Today’s episode is a dedicated episode to the last entry of the logbook of the whaler, The Swan, of Hull. Those of you who are regular listeners will know that we have been reading extracts from her logbook at the start of each episode, just with the exception of the iconic ships’ episodes, and the great sea fights series. These readings come from a transcription of the logbook held in the archives of the Caird Library at the National Maritime Museum in London. The transcription was made especially for this podcast. And so, you the listeners were the first ever to hear these words read aloud; that makes this podcast itself a little piece of maritime history. We began her story in October, on exactly the same day that she became stuck in the ice off the west coast of Greenland in 1836. And we have followed it through to now – to the middle of April, which is when her logbook ends. The last we heard they had just recovered their crew members from their failed attempt to secure help from land. Daniel Knight, one of the few men who survived the attempt to reach land, is seriously injured. It’s been a truly terrible week, and they are being teased by ice breaking all around them though their ship is still beset, and scurvy is now killing the crew fast.

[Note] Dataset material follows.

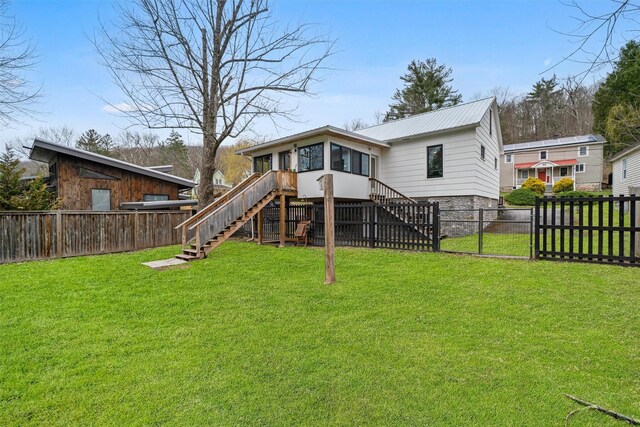 55 Upper Main St, Callicoon, NY 12723 - back of house with stairs, a gate, metal roof, and stone siding
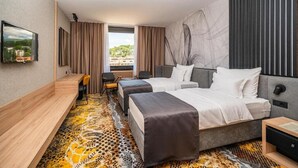 Quarto de hotel moderno com duas camas, uma escrivaninha e uma janela grande com vista para a cidade.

Wednesday 12th of April. First part of this day commences with strong breezes. The ship drifting past another berg within five minutes’ walk of us. Latter part light winds the waves of water being skimmed over with bay ice. The thermometer ten below zero. Daniel Knight’s leg amputated this morning.
Thursday 13th of April. Light winds and clear weather the ship being quite stationary. Middle and latter part light breezes ship driving north. Our situation and prospects compel us to diminish our weekly allowance of bread to half a pound, yet so blind with some of our men to their own interest that this prudent measure was regarded by them with dissatisfaction and they had that stupidity and un-thoughtfulness to ask for more. Daniel Knight, whose leg was amputated yesterday morning, is doing well but the chance of saving the other is very little – the inflammation extending itself very fast. Latitude by observation 70 degrees by 12 north.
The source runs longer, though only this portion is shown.